Now to go make a sandwich or something – it’s going to take a while for all of these to copy over.

 Step 4: Install

This is the big moment. Once everything is done copying, open a new tab in your browser, and type in your domain name. If everything went right, there should be a wordpress prompt welcoming you to wordpress, and asking you to fill out your site name, and things like that. If you’ve made it to this point without any accidents, I applaud you: I have never made it here on the first try. Just fill out your info, and you’re ready to go find some themes and play around. (I’ll write about themes next!)

 Figuring out where things went wrong

If your new site doesn’t immediately welcome you with a wordpress setup, and you’re wondering what the heck happened, well, you’re in good company. I can’t say for certain what’s happened on your end, but I can tell you where I’ve gone wrong.

wp-config inaccuracies: make certain that you don’t delete an apostrophe, and that all your text is snug in between the apostrophes in the config file. Also make certain you wrote your name and passwords with the FULL name, ie, write ‘typodsite_jenn’ instead of just ‘jenn’ when it asks for user name. You need the whole thing.

wp-config password: I have a list of passwords that I use, and copious notes on how to use them. One of the things I didn’t realize was that if I change my database user password, it changes it for every instance. Back in the old days, setting up a new database, I’d use a new “just for that database” password that was ACTUALLY linked to my name, not my database. So it changed all the previous databases passwords, and I watched them disconnect, one by one. I finally figured it out and felt kinda dumb. If this is your first database, then just remember to keep that in mind when you set up your next one.

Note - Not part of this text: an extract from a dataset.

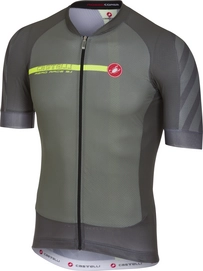 Fietsshirt Castelli Men Aero Race 5.1 FZ Forest Gray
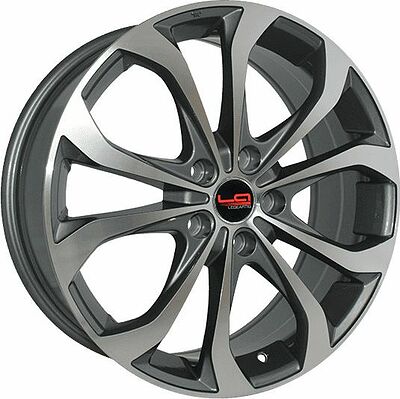LegeArtis KI129 7.5x18 5x114.3 ET 50 Dia 67.1 gmf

index.html: This happened this morning to me! Anytime you have something with the word “index” on it, your site goes to that first. The new domain name came with a placeholder “index.html” file and after double checking my spelling, my apostrophes, my password – double checking everything I could think to check, I went and looked at my site through the FTP. Sure enough, after I deleted the index.html, the wordpress index.php was able to take control of the site, and suddenly everything worked!

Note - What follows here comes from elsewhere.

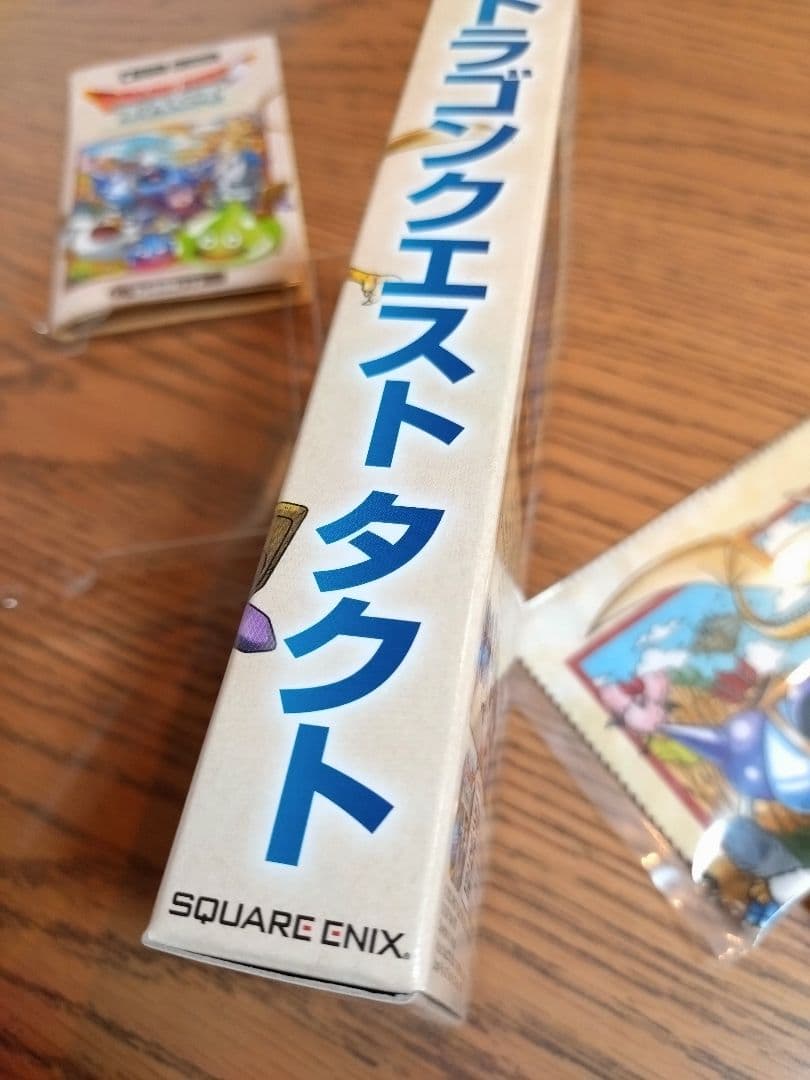 ドラゴンクエストタクト 懐かしのパッケージ風ノベルティセット キャンペーン限定品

Patience: if nothing else, find someone that knows a little about setting up websites. Have them looking over what you’ve done. Also don’t be afraid to google your heart out, trying to find a clue as to what has happened. You can also email your hosting site and ask them for help – they are incredibly knowledgeable, and can sometimes get into the guts of your site and tell you, “oh, you left out a dash here,” but they’re sometimes hard to get a hold of, and not really interested in “easy” things like wordpress setups.